▶ _What this task involves_
Return all lines of the records that contain the word "Silver".

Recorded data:
□ □ □ □ □
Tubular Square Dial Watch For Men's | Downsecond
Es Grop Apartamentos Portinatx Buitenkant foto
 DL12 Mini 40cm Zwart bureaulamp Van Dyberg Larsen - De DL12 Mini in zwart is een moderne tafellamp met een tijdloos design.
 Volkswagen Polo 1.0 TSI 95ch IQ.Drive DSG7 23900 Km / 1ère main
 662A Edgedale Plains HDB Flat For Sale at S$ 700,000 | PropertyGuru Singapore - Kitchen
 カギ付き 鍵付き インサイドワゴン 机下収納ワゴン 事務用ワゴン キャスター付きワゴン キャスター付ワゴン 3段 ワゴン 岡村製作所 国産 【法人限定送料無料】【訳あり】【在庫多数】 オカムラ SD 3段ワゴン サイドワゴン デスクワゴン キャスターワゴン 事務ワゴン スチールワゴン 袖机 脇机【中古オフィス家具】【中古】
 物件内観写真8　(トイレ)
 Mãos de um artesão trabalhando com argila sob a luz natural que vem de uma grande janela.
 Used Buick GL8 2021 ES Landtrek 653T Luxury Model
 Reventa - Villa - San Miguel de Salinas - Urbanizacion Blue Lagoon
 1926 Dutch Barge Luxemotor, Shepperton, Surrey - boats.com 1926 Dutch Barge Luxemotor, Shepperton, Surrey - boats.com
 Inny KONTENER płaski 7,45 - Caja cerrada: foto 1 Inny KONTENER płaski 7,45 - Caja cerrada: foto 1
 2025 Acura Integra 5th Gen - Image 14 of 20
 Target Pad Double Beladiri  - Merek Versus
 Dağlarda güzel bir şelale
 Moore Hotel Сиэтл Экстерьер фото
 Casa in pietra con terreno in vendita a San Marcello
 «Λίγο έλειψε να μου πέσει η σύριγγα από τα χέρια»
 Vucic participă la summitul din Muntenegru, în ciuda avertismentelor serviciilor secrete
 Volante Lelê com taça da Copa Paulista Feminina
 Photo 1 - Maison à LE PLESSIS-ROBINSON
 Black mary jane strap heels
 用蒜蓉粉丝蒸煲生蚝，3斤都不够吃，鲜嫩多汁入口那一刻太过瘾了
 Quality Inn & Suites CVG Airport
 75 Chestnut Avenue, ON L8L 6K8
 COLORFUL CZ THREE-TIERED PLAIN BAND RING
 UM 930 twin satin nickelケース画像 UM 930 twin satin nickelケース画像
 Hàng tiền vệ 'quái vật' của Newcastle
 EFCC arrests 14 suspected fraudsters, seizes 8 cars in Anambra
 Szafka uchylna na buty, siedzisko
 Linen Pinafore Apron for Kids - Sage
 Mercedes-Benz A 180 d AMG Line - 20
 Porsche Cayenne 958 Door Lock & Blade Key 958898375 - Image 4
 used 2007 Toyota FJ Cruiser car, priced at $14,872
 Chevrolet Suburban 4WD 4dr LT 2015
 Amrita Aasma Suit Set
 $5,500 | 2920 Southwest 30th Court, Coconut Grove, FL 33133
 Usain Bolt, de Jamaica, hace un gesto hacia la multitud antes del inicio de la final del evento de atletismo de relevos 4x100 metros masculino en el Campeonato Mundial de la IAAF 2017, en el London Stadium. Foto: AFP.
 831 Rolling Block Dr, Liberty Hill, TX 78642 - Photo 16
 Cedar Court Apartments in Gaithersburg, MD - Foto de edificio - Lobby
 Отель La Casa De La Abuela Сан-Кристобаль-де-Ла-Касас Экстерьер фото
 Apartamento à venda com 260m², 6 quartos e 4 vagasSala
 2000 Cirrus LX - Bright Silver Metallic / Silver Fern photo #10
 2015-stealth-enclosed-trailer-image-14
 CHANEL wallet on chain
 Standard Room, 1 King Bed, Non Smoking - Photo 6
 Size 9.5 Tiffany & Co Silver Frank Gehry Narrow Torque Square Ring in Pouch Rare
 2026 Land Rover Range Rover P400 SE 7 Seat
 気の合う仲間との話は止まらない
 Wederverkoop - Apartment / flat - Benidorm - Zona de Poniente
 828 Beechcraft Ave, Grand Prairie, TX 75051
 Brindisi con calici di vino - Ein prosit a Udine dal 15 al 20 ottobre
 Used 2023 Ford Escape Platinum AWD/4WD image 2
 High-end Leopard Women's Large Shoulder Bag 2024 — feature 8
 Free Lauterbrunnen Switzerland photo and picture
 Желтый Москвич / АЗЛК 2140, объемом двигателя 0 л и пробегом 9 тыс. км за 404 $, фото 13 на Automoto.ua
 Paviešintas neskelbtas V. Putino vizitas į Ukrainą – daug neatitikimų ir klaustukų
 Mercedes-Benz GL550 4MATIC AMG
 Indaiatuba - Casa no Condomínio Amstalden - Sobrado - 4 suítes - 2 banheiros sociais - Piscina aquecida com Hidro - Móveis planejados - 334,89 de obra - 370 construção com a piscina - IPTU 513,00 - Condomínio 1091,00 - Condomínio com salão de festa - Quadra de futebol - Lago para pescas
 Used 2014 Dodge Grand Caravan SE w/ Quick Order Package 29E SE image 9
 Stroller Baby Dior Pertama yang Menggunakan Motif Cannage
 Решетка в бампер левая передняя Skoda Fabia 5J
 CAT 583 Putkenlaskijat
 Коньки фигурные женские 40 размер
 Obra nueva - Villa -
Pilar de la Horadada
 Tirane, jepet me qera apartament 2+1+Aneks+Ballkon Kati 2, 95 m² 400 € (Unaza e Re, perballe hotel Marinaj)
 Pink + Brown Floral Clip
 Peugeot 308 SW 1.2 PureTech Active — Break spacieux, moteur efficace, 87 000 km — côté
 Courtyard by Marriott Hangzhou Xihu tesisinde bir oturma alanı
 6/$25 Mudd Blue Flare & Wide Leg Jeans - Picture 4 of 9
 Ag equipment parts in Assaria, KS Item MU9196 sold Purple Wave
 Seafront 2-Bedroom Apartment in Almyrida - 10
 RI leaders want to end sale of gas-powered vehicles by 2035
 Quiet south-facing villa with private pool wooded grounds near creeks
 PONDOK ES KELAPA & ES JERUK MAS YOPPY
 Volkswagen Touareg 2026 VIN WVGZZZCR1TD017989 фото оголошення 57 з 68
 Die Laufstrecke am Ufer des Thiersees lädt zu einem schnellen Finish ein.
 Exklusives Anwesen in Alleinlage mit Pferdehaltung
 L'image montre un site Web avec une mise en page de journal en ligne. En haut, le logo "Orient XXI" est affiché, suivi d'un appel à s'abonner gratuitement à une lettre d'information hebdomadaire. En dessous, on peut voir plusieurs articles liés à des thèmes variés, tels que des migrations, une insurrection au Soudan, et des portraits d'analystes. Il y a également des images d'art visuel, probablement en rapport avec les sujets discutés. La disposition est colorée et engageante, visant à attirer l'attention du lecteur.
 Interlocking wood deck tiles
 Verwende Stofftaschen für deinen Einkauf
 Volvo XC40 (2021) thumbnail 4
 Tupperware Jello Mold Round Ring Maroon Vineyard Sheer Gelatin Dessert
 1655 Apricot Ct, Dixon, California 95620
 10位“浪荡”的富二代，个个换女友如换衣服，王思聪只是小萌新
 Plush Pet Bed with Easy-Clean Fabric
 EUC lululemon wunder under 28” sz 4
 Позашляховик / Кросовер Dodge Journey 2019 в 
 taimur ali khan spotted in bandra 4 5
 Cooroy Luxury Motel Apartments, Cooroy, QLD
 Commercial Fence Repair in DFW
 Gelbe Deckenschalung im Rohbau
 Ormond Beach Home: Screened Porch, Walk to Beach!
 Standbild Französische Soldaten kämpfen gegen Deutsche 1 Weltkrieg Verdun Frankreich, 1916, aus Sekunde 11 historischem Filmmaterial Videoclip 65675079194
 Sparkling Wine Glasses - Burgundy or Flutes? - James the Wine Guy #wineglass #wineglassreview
□ □ □ □ □
▶ _Solution for this exercise_
 2000 Cirrus LX - Bright Silver Metallic / Silver Fern photo #10
 Size 9.5 Tiffany & Co Silver Frank Gehry Narrow Torque Square Ring in Pouch Rare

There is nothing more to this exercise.